◆ ASSIGNMENT
Copy the records below in full, changing no character.

### RECORDS TO PROCESS ###

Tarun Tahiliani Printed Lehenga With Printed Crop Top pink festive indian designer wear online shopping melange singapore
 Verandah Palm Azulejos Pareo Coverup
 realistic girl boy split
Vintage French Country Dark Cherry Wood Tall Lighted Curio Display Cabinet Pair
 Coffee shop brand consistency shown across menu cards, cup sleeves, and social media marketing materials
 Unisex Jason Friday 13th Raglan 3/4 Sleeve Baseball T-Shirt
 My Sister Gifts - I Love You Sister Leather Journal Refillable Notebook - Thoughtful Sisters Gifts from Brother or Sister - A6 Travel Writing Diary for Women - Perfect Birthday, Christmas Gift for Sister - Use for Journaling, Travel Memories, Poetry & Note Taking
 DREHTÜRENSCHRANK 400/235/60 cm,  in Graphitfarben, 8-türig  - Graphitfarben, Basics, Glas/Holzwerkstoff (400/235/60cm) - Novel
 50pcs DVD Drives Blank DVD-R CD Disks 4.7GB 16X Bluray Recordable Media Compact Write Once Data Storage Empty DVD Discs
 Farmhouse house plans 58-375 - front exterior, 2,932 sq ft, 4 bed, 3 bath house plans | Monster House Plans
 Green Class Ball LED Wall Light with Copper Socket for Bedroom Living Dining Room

###

◆ ANSWER SECTION
Tarun Tahiliani Printed Lehenga With Printed Crop Top pink festive indian designer wear online shopping melange singapore
 Verandah Palm Azulejos Pareo Coverup
 realistic girl boy split
Vintage French Country Dark Cherry Wood Tall Lighted Curio Display Cabinet Pair
 Coffee shop brand consistency shown across menu cards, cup sleeves, and social media marketing materials
 Unisex Jason Friday 13th Raglan 3/4 Sleeve Baseball T-Shirt
 My Sister Gifts - I Love You Sister Leather Journal Refillable Notebook - Thoughtful Sisters Gifts from Brother or Sister - A6 Travel Writing Diary for Women - Perfect Birthday, Christmas Gift for Sister - Use for Journaling, Travel Memories, Poetry & Note Taking
 DREHTÜRENSCHRANK 400/235/60 cm,  in Graphitfarben, 8-türig  - Graphitfarben, Basics, Glas/Holzwerkstoff (400/235/60cm) - Novel
 50pcs DVD Drives Blank DVD-R CD Disks 4.7GB 16X Bluray Recordable Media Compact Write Once Data Storage Empty DVD Discs
 Farmhouse house plans 58-375 - front exterior, 2,932 sq ft, 4 bed, 3 bath house plans | Monster House Plans
 Green Class Ball LED Wall Light with Copper Socket for Bedroom Living Dining Room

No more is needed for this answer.